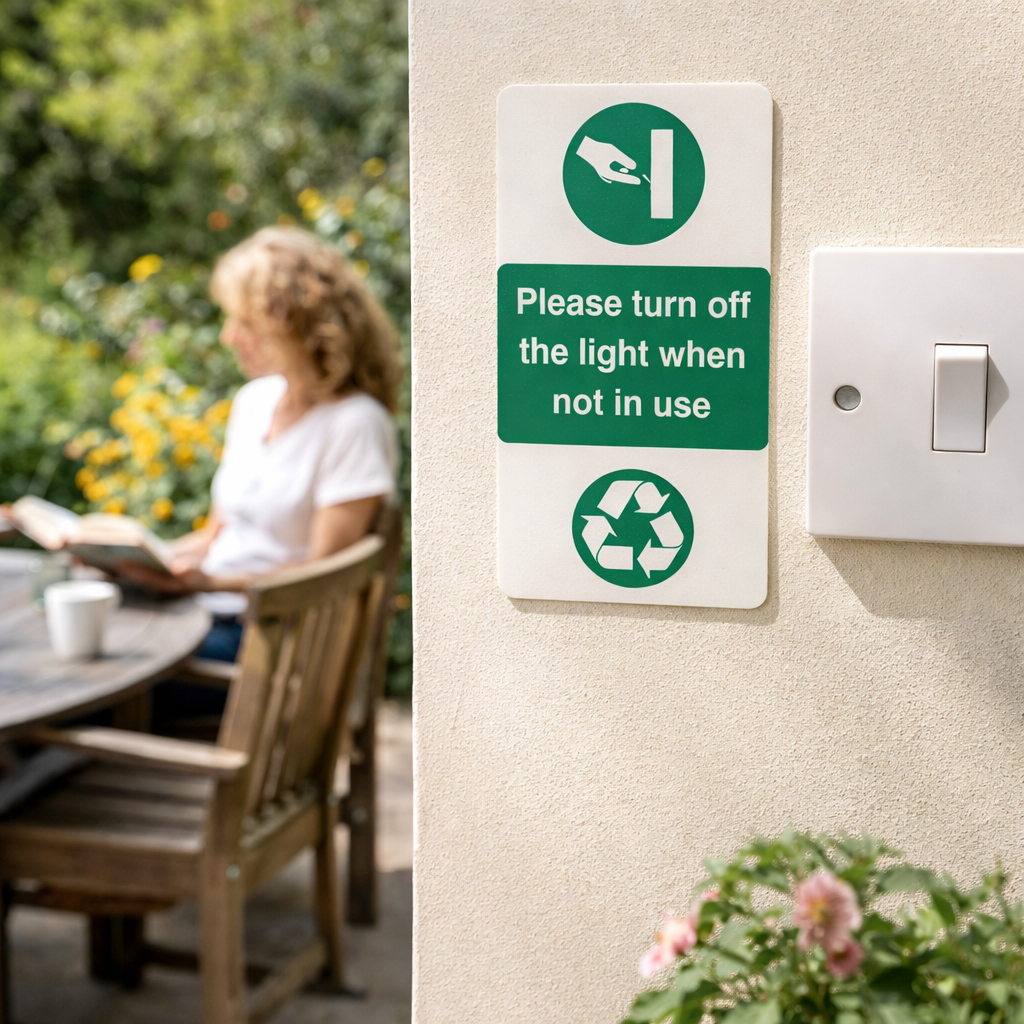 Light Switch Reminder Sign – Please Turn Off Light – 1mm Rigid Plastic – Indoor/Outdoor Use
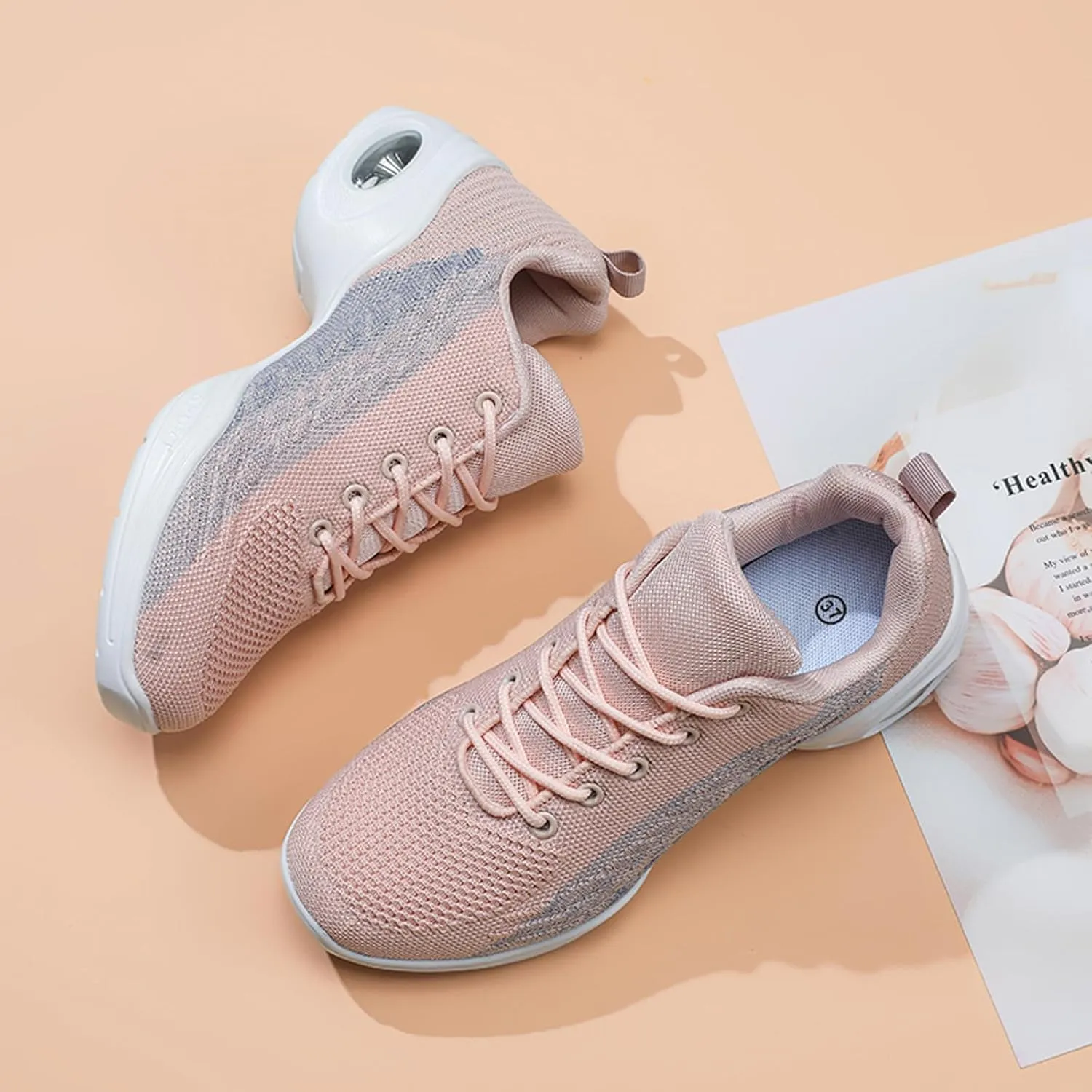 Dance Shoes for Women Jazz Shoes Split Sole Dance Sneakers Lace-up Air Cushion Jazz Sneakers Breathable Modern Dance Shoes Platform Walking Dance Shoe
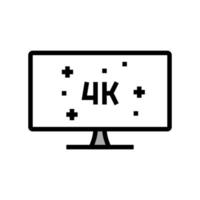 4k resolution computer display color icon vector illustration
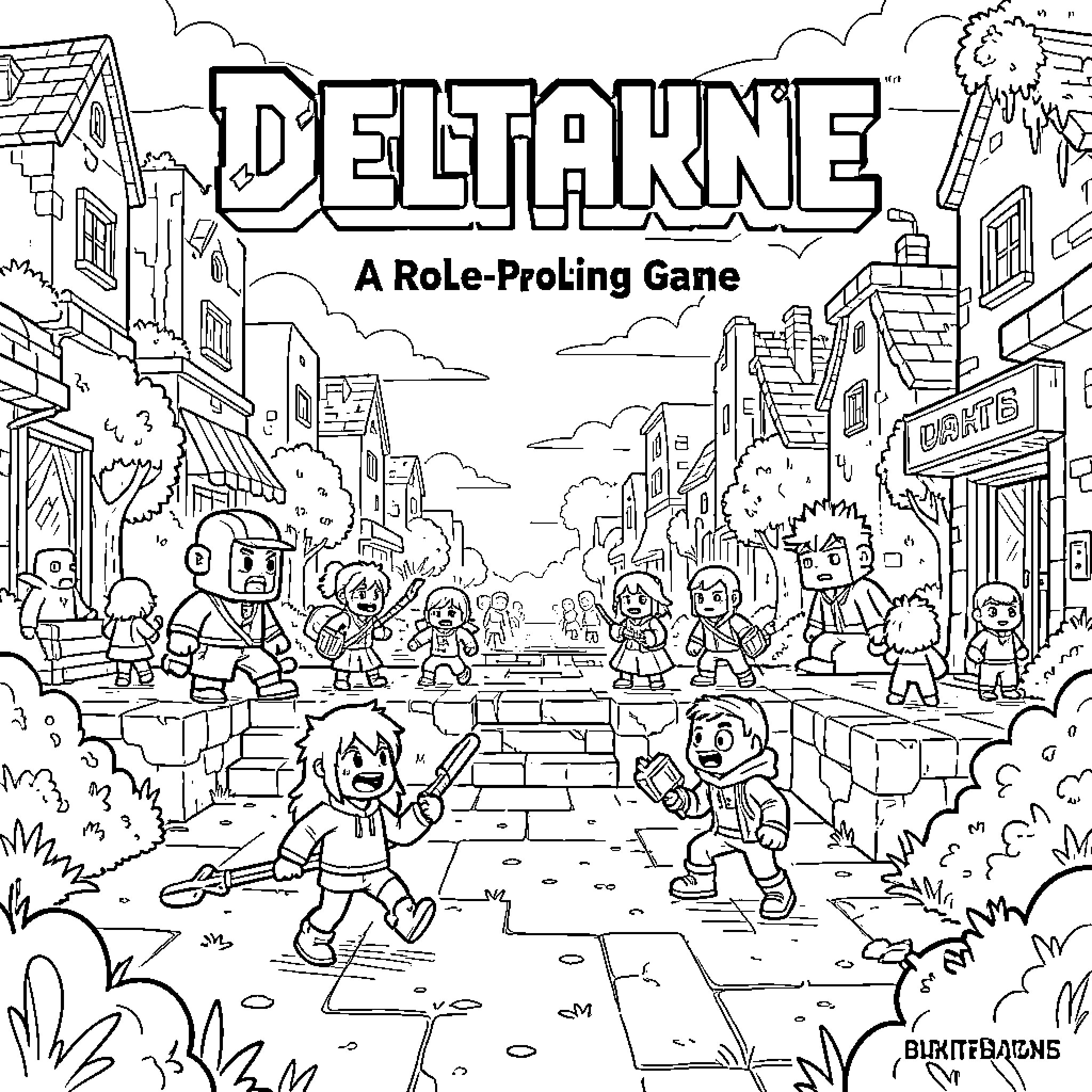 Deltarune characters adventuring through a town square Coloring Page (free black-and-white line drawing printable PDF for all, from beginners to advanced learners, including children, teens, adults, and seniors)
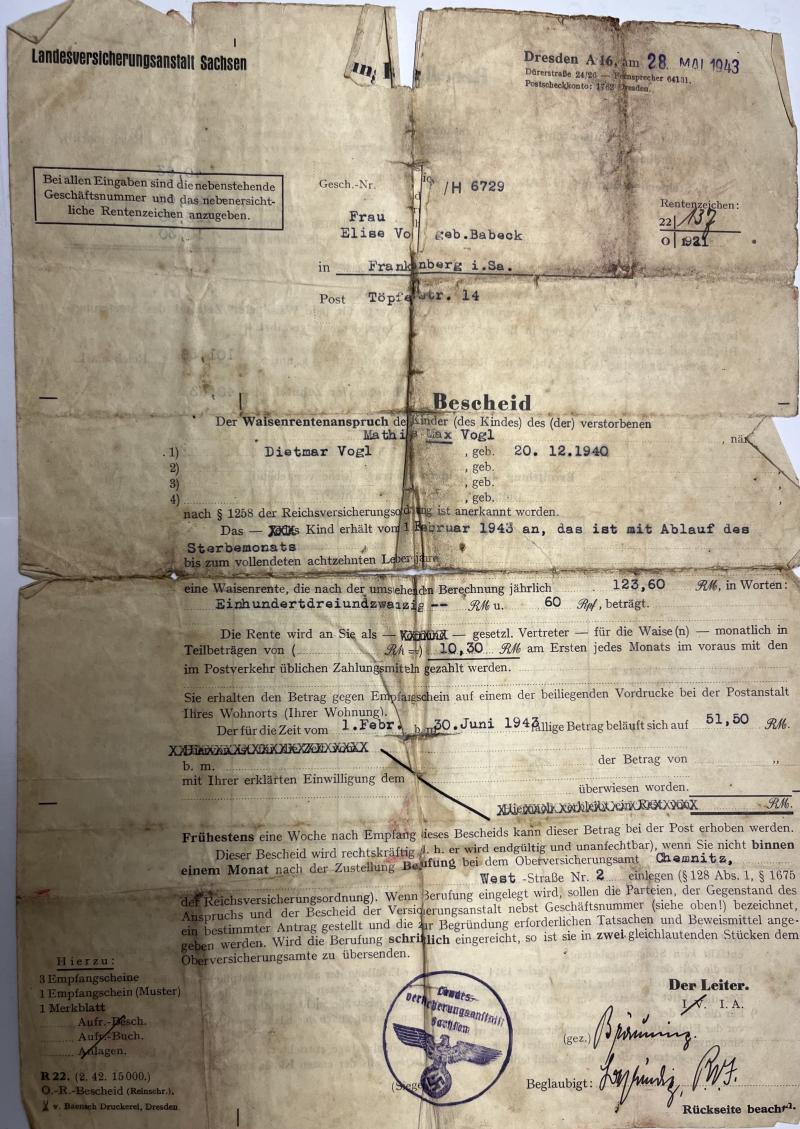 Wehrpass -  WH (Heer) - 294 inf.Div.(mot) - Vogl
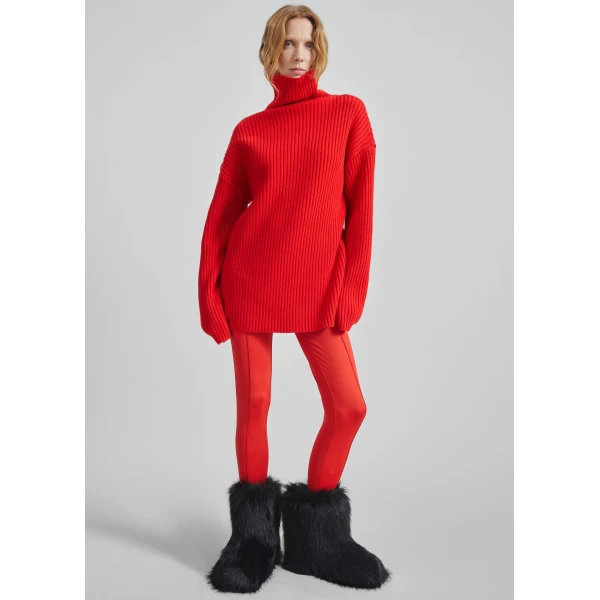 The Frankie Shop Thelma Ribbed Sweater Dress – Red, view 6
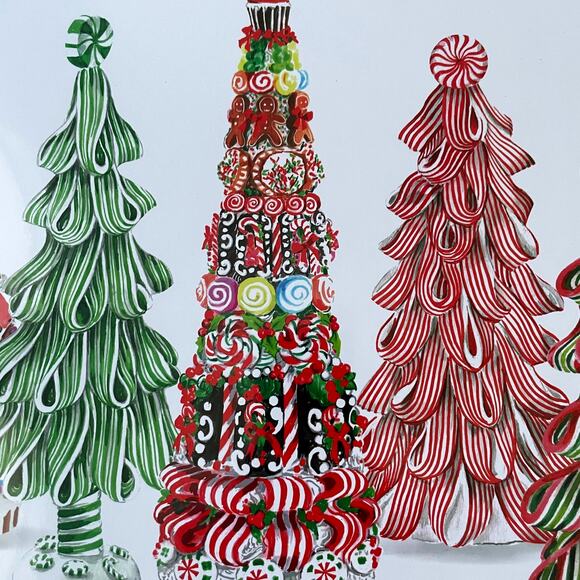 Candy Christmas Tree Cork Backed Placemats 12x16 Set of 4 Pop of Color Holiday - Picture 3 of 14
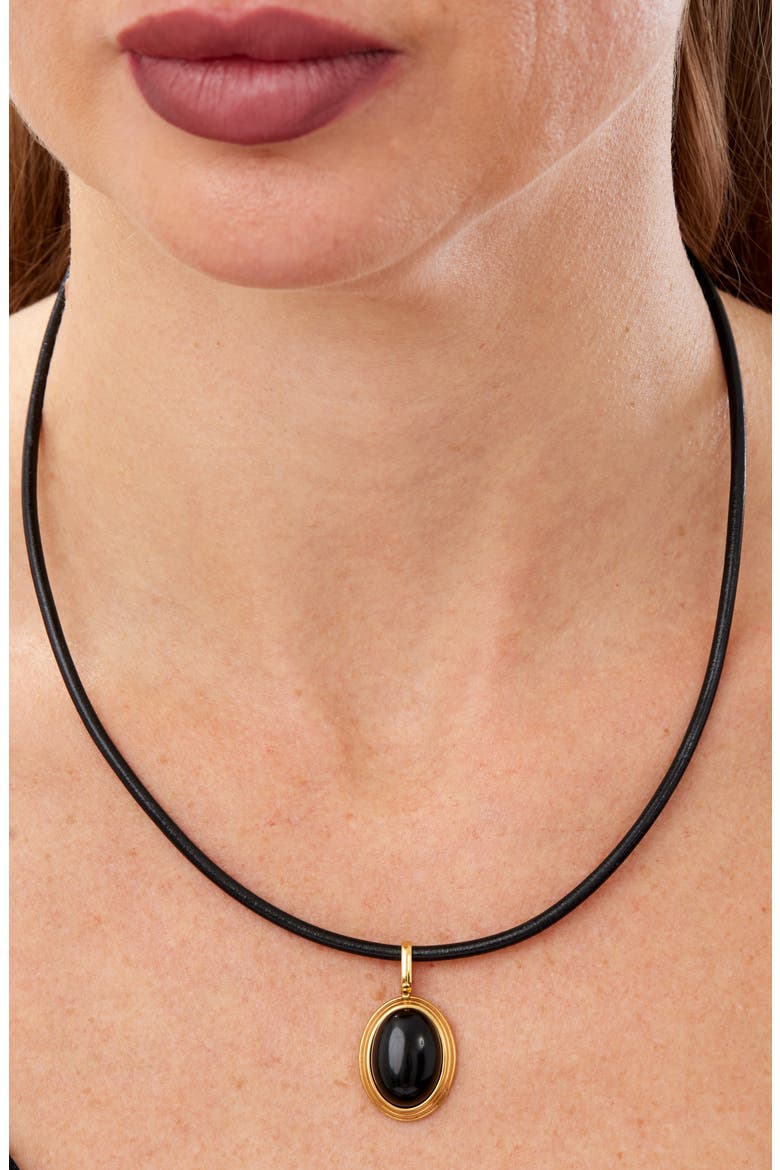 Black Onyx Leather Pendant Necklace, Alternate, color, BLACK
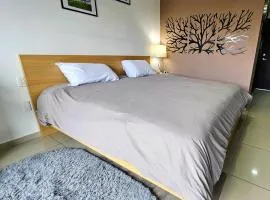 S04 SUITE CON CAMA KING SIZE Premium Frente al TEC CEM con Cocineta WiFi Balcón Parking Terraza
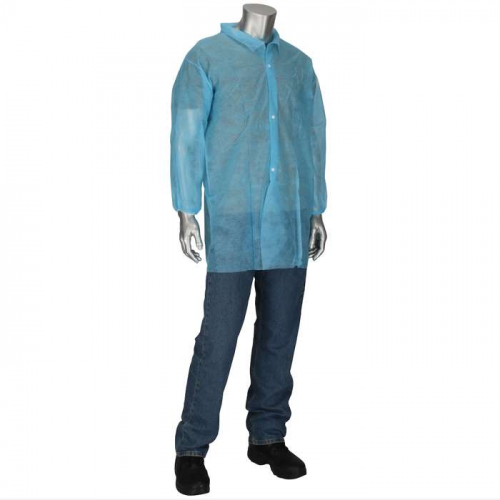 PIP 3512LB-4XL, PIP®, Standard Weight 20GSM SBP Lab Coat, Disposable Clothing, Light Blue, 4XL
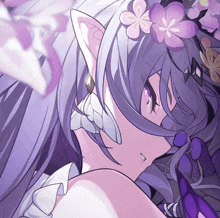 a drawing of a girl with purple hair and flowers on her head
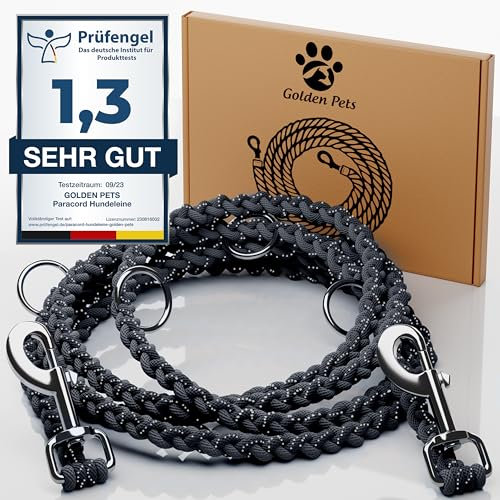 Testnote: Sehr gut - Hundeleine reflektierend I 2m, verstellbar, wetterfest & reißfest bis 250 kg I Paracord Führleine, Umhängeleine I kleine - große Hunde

######

-- TO DO --
Set down the records above exactly as written, beginning with the first line and ending with the line that contains "PIP 3512LB-4XL, PIP®, Standard", and do not include pictures.

-- TASK SOLUTION --
 Light Switch Reminder Sign – Please Turn Off Light – 1mm Rigid Plastic – Indoor/Outdoor Use
 Dance Shoes for Women Jazz Shoes Split Sole Dance Sneakers Lace-up Air Cushion Jazz Sneakers Breathable Modern Dance Shoes Platform Walking Dance Shoe
 4k resolution computer display color icon vector illustration
 Deltarune characters adventuring through a town square Coloring Page (free black-and-white line drawing printable PDF for all, from beginners to advanced learners, including children, teens, adults, and seniors)
 Wehrpass -  WH (Heer) - 294 inf.Div.(mot) - Vogl
 The Frankie Shop Thelma Ribbed Sweater Dress – Red, view 6
 Candy Christmas Tree Cork Backed Placemats 12x16 Set of 4 Pop of Color Holiday - Picture 3 of 14
 Black Onyx Leather Pendant Necklace, Alternate, color, BLACK
 S04 SUITE CON CAMA KING SIZE Premium Frente al TEC CEM con Cocineta WiFi Balcón Parking Terraza
 PIP 3512LB-4XL, PIP®, Standard Weight 20GSM SBP Lab Coat, Disposable Clothing, Light Blue, 4XL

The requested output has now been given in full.